The Alerts screen shows the alerts that have been added for that monitor, and allows the user to create a new alert. The Alert is configured by selecting what type of Alert is monitored (feature drift or performance decay). In each case, an email can be configured to notify an Alert trigger.

_images/Monitor_Alerts_R31.png _images/Monitor_Add_Alert_Popup_R33.png




Enable the alert to be active - the alert can be disabled later by editing it

Alert Name

User-chosen name for the alert

Alert Type

Type of comparison, such as data drift or performance decay

Configure Based On

Create alert based on status or threshold


What feature to compare for this alert, and the threshold to use for the alert

Breach Incidents

Optionally set the number of times the feature matches the threshold before triggering an alert

Email Address

Optionally provide an email address to use when an alert is triggered

The alert will show up on the list of Alerts once successfully created.

Alerts can be edited from the Alert List screen by selecting the Edit icon on the far right.


Thresholds can be set for each feature in a monitor. Rather than trigger a single alert when the threshold is exceeded, the threshold capability allows 2 different thresholds that can provode more granularity. The thresholds are:

  • Warning

  • Critical

If neither of those thresholds are exceeded, the monitor is considered to be “Healthy”. A summary of the threshold status is provided in the Monitor Dashboard and described at Threshold Status

An example of a Thresholds file is available at Thresholds File Example

Tickets Dashboard


A monitor Ticket can be created and managed from the Tickets tab. There are 2 types of tickets:

  • Incidents

  • Change Requests

Selecting one of the ticket types will bring up a ServiceNow window.

Alerts Dashboard


The Alerts Dashboard shows all of the alerts within DKube, across all of the monitors. It provides information on the monitor name, alert name, type of alert, and the timestamps. The user can go directly to the monitor by selecting the monitor name.

Monitor Details


The process of identifying the root cause of a monitor deviation involves successively reviewing more information on an Alert. From the Monitor Dashboard, select one of the monitors to find out more details on that monitor.

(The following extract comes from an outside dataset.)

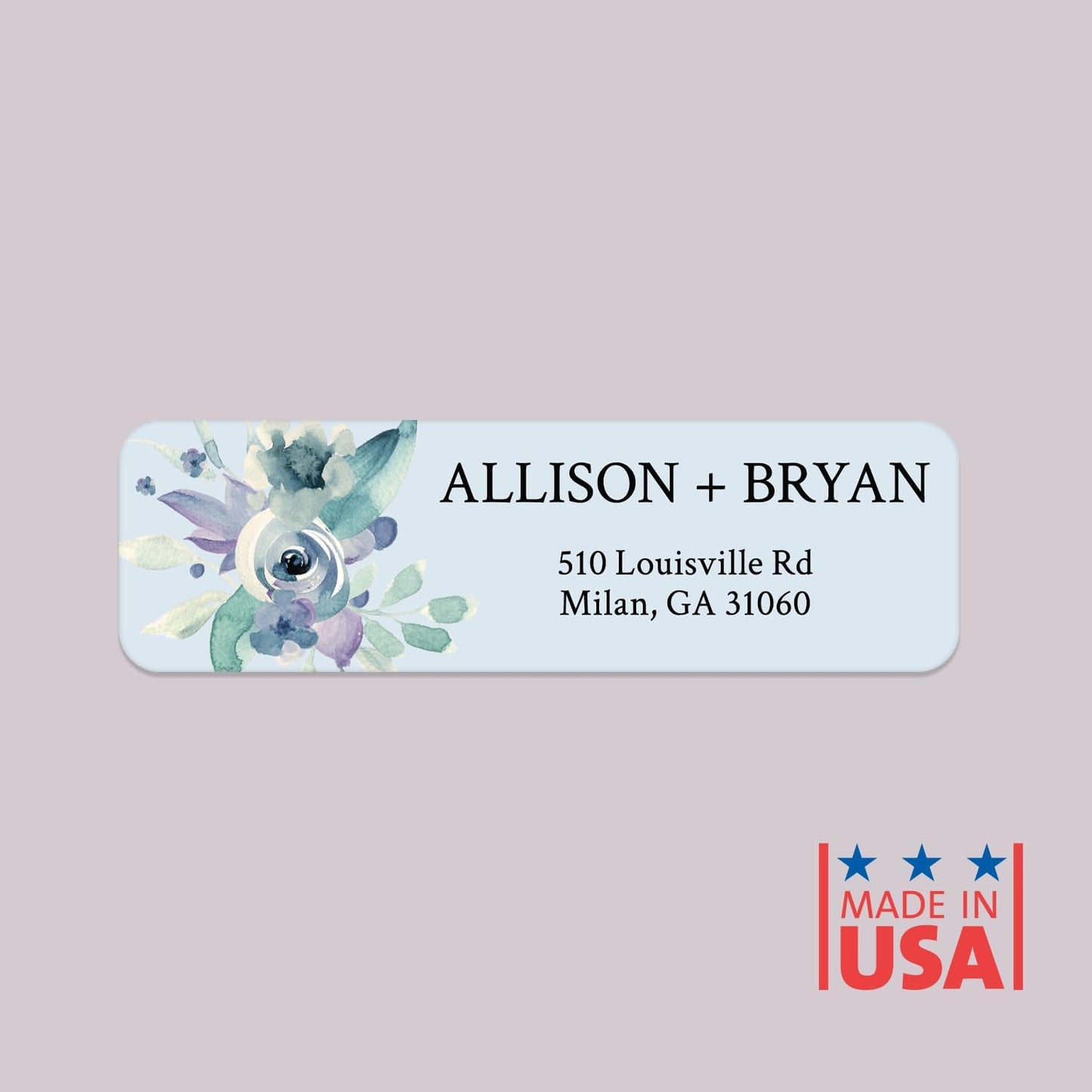 Blue Watercolor Floral Rolled Address Labels / 250 Personalized Return Address Labels/Designer Address Stickers in Elegant Plastic Dispenser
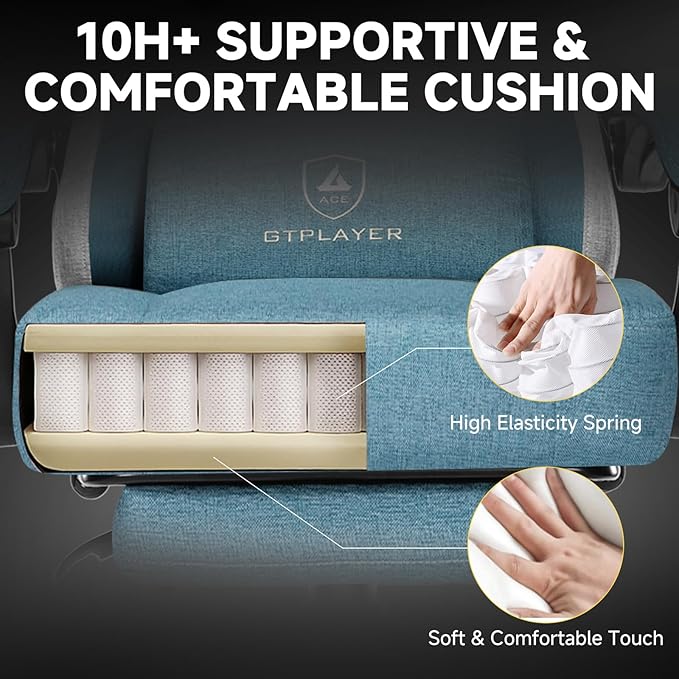 GTPLAYER Gaming Chair, Fabric Computer Office Chair with Pocket Spring Cushion, Ergonomic Office and Gaming, Video Gaming Chair with Linkage Armrests, High Back Desk Chair with Adjustable Recliner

From the Monitor Summary dashboard, the details of a specific monitor can be viewed by selecting the monitor name.


This brings up a dashboard for that particular monitor, with the associated details. It includes:

  • A summary of the features and alerts status

  • A list of Alerts for that monitor only, for the selected timeframe

A summary of the Alert can be obtained by selecting the Alert name.


More details on the Alert can be obtained by selecting the “Details” button at the top right.

Data Drift


Selecting the Data Drift tab provides graphs and tables that help to identify what has drifted, with more information to determine why it has drifted.

The top graph overlays the number of production serving requests with the Alerts. This allows the Production Engineer to determine the amount of live inference traffic activity, and how it compares to the threshold alerts for the features.

The table below the summary graph provides visual and quantified information on how the selected features are changing, and how important a feature is to the resulting Model output. This allows the user to see if the original training data still matches the live inference data, and how the drfit varies over time. This might be a place to start for a retraining activity.

The tables reflect the selected timestamp from the graph above. Selecting different timestamps will bring up different tables.

Performance Decay


If Performance is selected, the graphs show how well the Model is performing based on the chosen Model metrics. The top graph combines the number of production requests and the number of alerts.

The bottom graph shows how the metrics are performing.

Configuration, Schema, & Alerts


The Configuration, Scheme, and Alert tabs allows the user to view the options used for the monitor.